The financial markets have been rather quiet this week. The DOW closed at another record high overnight at 15484.26, but that was just a 20pt gain. U.S. treasury yields continued recent consolidation with 10 year yield closing slightly lower at 2.556%. Gold continued to trade sideway below 1300 handle. The Dollar index attempted to recover, but failed to stay on the 83 level. In the currency markets, the dollar is stuck in range against other major currencies. While the USD/JPY did recover on broad based yen weakness, it struggled to break through 100 decisively and gives back some gains today. Traders are all waiting for Fed chairman Bernanke's semi annual testimony to Congress, slated for Wednesday. There was speculation that Fed would start tapering the asset purchase program as soon as in September, and reduce the size from USD 85b to USD 65b. But such expectations were scaled back last week after Bernanke's comment that a highly accommodative monetary policy would be needed for the foreseeable future. We might see more dollar weakness if Bernanke repeats these comments. As for today, the U.S. will release CPI, TIC capital flow, industrial production and the NAHB housing market index.

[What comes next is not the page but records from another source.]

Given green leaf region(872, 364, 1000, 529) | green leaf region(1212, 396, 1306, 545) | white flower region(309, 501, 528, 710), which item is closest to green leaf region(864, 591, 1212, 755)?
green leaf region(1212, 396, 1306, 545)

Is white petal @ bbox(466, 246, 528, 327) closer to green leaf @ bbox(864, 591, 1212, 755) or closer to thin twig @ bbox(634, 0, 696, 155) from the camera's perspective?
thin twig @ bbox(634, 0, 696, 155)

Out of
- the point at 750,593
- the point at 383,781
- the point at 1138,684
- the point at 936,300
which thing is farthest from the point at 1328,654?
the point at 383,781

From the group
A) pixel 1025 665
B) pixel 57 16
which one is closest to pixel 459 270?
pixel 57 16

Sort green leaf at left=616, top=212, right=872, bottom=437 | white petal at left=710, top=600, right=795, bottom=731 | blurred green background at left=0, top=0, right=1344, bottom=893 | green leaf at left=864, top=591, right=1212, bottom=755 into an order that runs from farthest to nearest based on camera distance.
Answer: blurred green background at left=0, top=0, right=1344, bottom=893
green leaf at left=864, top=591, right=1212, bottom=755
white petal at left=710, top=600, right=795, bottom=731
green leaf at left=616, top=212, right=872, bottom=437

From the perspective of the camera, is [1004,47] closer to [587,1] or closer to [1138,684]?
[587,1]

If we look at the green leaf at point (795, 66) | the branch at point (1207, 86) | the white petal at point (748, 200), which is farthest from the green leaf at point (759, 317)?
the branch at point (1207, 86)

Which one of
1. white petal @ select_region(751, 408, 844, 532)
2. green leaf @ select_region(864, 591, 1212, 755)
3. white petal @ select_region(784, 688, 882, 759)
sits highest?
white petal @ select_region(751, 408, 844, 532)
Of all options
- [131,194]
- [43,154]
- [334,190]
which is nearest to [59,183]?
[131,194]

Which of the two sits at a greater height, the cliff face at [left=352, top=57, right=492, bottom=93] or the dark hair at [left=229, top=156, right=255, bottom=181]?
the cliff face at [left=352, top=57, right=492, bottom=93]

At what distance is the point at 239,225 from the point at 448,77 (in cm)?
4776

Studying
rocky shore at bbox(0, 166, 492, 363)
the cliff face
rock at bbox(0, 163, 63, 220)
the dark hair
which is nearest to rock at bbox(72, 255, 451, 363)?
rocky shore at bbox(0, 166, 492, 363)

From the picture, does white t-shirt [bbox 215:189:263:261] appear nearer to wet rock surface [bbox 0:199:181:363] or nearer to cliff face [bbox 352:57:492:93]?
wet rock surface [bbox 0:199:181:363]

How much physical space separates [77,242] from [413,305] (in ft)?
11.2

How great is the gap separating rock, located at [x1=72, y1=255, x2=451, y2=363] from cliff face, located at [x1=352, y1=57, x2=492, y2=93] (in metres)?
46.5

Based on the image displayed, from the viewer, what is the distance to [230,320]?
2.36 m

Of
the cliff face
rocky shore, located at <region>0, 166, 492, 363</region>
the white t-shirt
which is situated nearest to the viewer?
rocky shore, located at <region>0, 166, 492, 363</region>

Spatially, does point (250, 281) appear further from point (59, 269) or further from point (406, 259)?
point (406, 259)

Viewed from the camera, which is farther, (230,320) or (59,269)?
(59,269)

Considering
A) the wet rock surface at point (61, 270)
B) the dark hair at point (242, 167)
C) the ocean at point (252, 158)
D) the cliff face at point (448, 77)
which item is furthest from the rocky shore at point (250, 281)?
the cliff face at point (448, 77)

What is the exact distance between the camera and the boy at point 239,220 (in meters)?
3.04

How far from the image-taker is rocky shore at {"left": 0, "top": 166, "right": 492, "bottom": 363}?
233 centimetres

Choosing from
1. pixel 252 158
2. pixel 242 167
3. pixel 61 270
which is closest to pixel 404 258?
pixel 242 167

In Europe, ECB Executive Board member Asmussen said the central bank is seeing "the first positive growth signs". But he also emphasized that "monetary policy will remain expansive as long as is necessary." He also noted that "a currency can only be stable if there is no doubt about its future." The eurozone will release June CPI final today, as well as German ZEW. Also to be released in European session is UK CPI and PPI.

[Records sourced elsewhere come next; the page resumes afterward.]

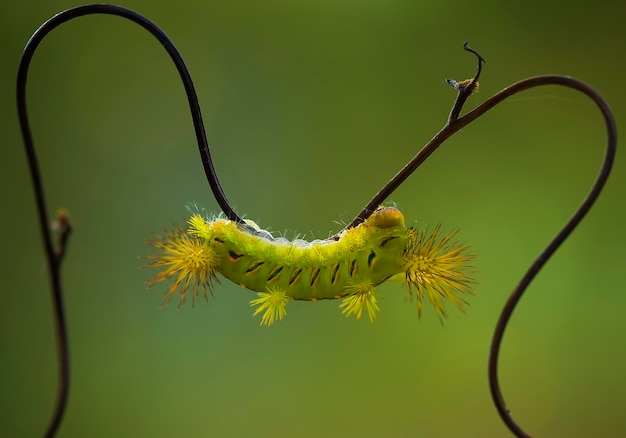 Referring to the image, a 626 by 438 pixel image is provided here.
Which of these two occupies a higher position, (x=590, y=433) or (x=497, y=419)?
(x=590, y=433)

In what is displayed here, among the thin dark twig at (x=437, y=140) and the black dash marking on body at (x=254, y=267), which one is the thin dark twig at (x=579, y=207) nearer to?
the thin dark twig at (x=437, y=140)

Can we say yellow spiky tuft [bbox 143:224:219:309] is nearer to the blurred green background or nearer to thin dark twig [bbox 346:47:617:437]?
thin dark twig [bbox 346:47:617:437]


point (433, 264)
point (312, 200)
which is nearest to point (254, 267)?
point (433, 264)

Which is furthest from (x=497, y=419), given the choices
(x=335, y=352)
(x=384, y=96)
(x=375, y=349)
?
(x=384, y=96)

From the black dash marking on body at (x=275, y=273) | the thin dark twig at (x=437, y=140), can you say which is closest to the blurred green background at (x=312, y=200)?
the black dash marking on body at (x=275, y=273)

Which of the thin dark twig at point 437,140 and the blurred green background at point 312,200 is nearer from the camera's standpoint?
the thin dark twig at point 437,140

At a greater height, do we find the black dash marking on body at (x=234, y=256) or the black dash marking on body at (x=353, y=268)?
the black dash marking on body at (x=353, y=268)

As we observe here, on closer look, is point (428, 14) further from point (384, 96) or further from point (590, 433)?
point (590, 433)

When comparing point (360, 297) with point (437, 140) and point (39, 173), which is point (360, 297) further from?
point (39, 173) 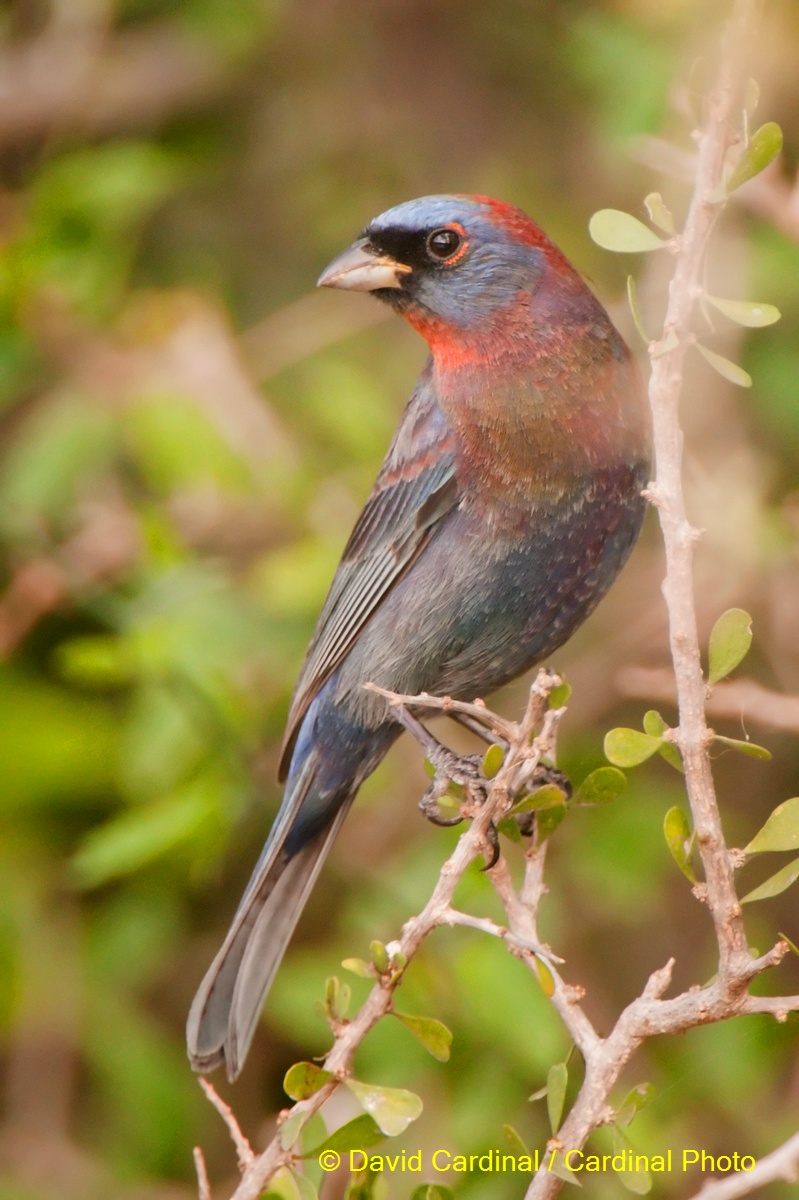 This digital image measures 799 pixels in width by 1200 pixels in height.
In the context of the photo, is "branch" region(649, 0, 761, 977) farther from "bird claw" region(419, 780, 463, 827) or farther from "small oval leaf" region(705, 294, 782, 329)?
"bird claw" region(419, 780, 463, 827)

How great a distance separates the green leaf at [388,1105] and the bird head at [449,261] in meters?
1.70

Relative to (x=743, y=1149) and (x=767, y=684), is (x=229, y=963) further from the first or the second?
(x=767, y=684)

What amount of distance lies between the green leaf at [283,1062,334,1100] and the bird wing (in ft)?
4.44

In its minutes of a July 2 meeting, the RBA said that policy makers thought the current policy stance was "appropriate" given the "exchange rate adjustment that was occurring, and with the substantial degree of monetary stimulus already in place". Economic data was "consistent" with the outlook of a little below trend growth and inflation remained consistent with medium term target too. The RBA noted that the "most significant change" was the depreciation of Aussie. Inflation outlook was "slightly higher". But "forecast for inflation remain consistent with the target" and there is still "scope for further easing" when necessary. Interest rate swaps suggested that traders are pricing over 50% chance of another 25bps rate cut from the RBA in August.